━━━ GIVEN DATA ━━━
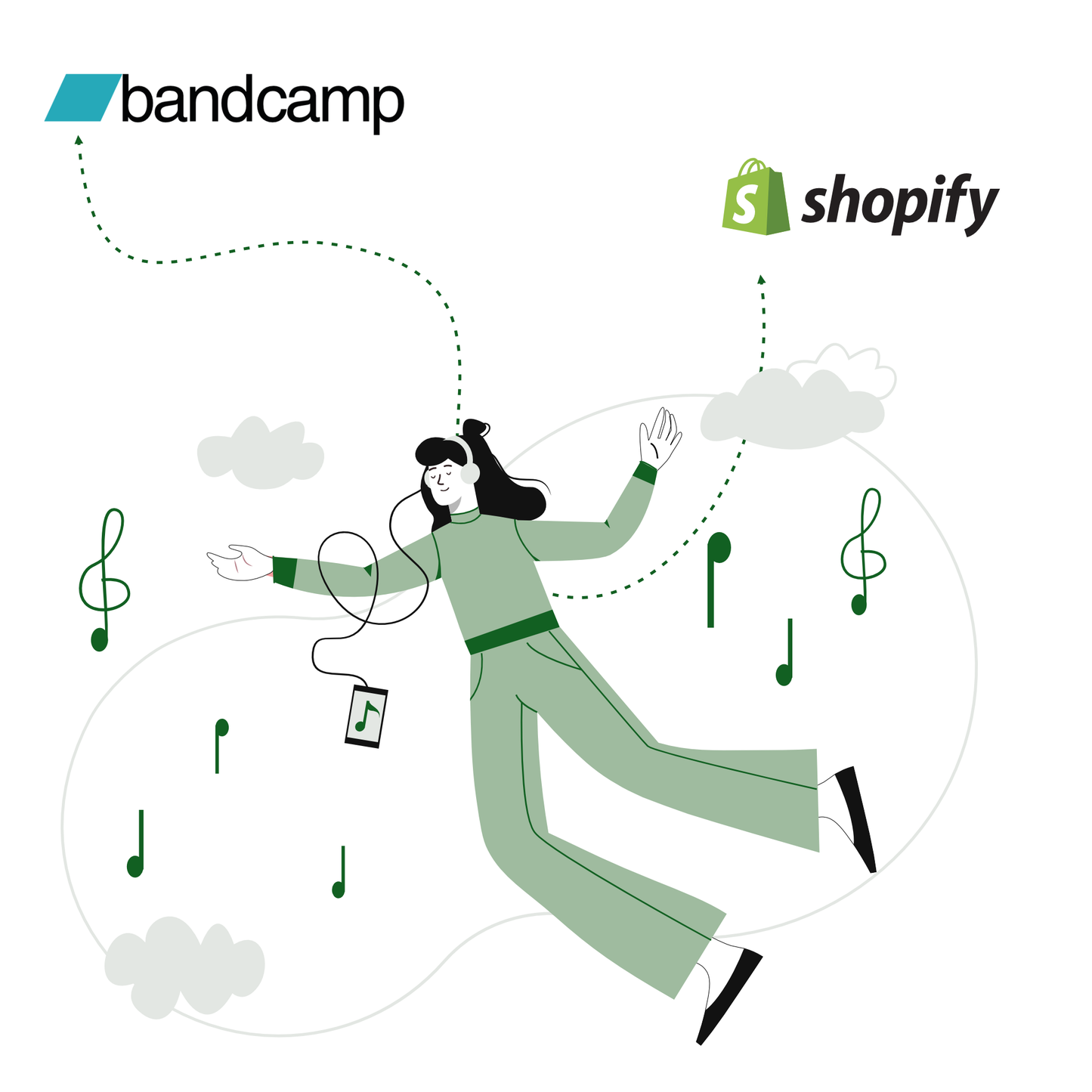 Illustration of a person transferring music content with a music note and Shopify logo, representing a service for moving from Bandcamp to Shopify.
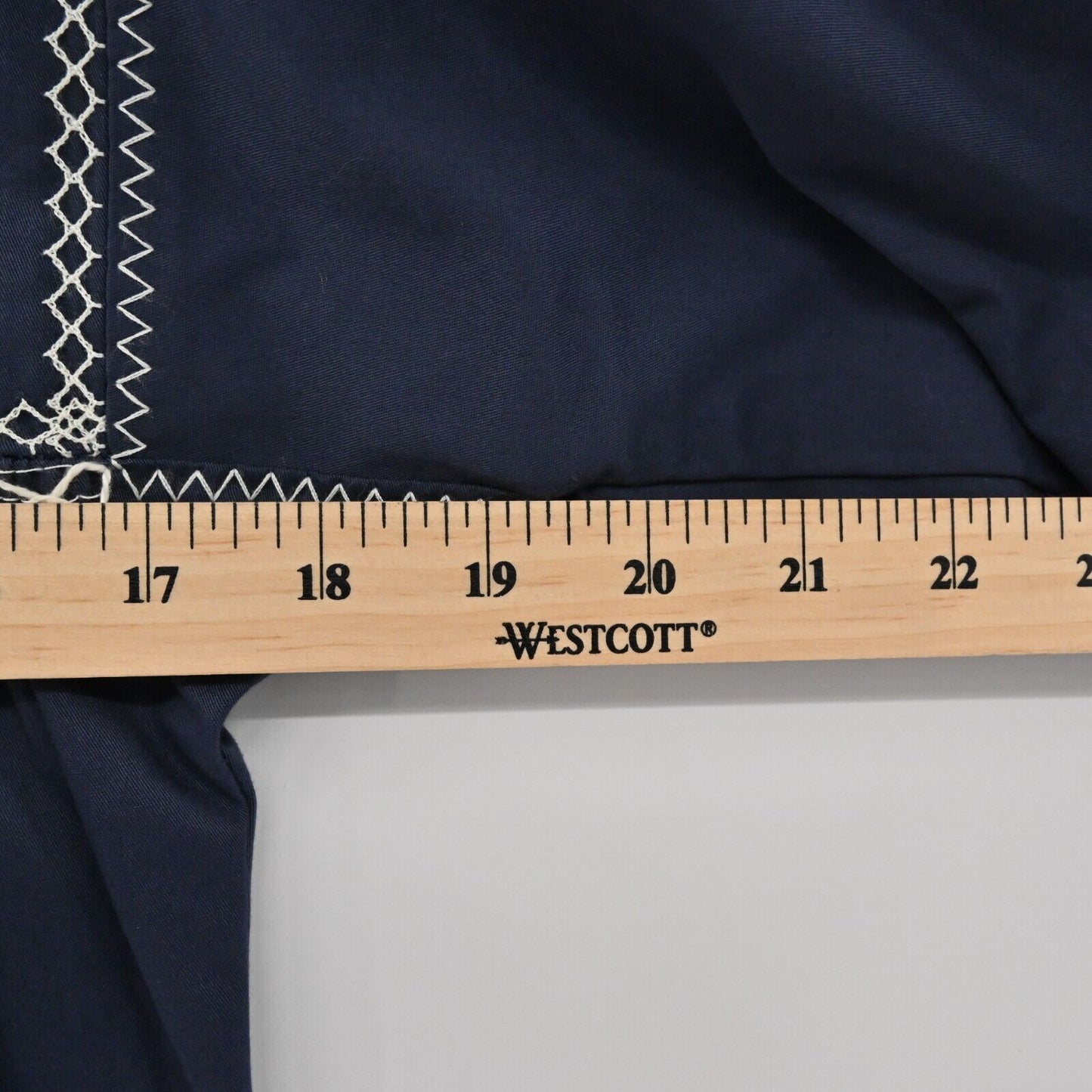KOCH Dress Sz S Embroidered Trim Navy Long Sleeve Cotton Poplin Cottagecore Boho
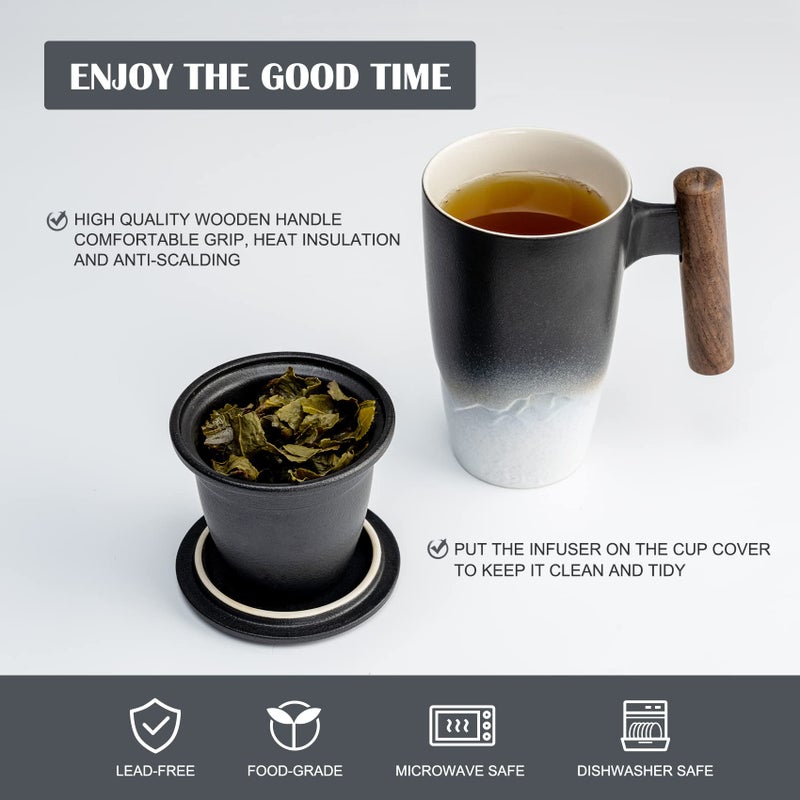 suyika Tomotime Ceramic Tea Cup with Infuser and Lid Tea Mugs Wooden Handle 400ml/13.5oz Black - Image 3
━━━
# YOUR INSTRUCTIONS:
In the printed copy, the material above must appear unchanged and without its pictures.

# RESPONSE BELOW:
 Illustration of a person transferring music content with a music note and Shopify logo, representing a service for moving from Bandcamp to Shopify.
KOCH Dress Sz S Embroidered Trim Navy Long Sleeve Cotton Poplin Cottagecore Boho
 suyika Tomotime Ceramic Tea Cup with Infuser and Lid Tea Mugs Wooden Handle 400ml/13.5oz Black - Image 3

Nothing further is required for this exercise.